• aile mesleği saatçilik olan bir ailede tam da klasik saatlerin demode olduğu dönemde yetişen bir insan olarak, zamanın geçtiğini ve bildiklerimizin zamanla değerini yitirdiğini ilk defa bizzat saatin kendisinden öğrendim.
  • "bir saat, sadece bir saat değildir, kokularla, seslerle, projelerle ve iklimlerle dolu bir kaptır."

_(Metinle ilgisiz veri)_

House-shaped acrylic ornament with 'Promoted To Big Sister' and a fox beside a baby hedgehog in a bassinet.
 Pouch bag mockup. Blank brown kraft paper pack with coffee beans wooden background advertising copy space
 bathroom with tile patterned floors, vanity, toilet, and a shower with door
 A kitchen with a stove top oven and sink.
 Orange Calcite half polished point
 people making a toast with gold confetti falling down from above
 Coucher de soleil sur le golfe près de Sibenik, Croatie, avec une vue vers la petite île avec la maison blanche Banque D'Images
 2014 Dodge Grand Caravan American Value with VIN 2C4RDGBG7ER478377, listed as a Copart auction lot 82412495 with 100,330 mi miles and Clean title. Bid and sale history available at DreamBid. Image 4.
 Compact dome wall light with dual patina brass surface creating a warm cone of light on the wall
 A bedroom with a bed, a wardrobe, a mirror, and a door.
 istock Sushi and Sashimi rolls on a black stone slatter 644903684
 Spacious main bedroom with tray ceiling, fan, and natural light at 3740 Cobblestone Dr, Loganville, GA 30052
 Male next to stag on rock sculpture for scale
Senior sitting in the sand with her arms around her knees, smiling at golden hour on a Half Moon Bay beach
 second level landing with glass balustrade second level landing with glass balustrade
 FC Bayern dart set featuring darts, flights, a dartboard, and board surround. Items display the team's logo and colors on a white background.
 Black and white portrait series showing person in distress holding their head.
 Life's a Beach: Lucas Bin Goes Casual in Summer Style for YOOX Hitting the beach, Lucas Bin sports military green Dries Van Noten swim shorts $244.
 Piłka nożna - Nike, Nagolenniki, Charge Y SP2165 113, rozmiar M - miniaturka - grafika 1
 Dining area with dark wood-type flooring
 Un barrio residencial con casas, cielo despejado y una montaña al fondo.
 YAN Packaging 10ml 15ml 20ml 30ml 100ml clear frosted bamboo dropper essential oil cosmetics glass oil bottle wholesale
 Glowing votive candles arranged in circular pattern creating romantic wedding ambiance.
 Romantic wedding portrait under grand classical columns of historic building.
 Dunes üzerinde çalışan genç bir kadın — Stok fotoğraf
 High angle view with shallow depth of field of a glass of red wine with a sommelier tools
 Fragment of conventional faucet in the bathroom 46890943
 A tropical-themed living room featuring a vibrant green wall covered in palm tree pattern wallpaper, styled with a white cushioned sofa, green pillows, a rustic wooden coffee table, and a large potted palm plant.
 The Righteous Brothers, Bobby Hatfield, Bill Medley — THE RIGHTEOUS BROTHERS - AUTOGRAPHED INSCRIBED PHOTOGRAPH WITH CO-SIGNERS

    marcel proust, kayıp zamanın izinde (yakalanan zaman)
  • çamaşır yıkamaya yarayan alete çamaşır makinesi, bulaşık yıkamaya yarayan alete bulaşık makinesi, tıraş olmaya yarayan alete tıraş makinesi, dikiş yapmaya yarayan alete dikiş makinesi, saç kurulamaya yarayan alete saç kurutma makinesi demişler hep. ama zamanı gösteren alete zaman makinesi dememişler, diyememişler. bir gün belki şu hayallerimizdeki zaman makinesi icat olur diye saat ismini bulmuşlar. ne kadar iyimser, ne kadar pozitif bir bakış açısı.
  • saatçinin vitrininde şöyle yazıyordu: en kalıcı hediye saattir.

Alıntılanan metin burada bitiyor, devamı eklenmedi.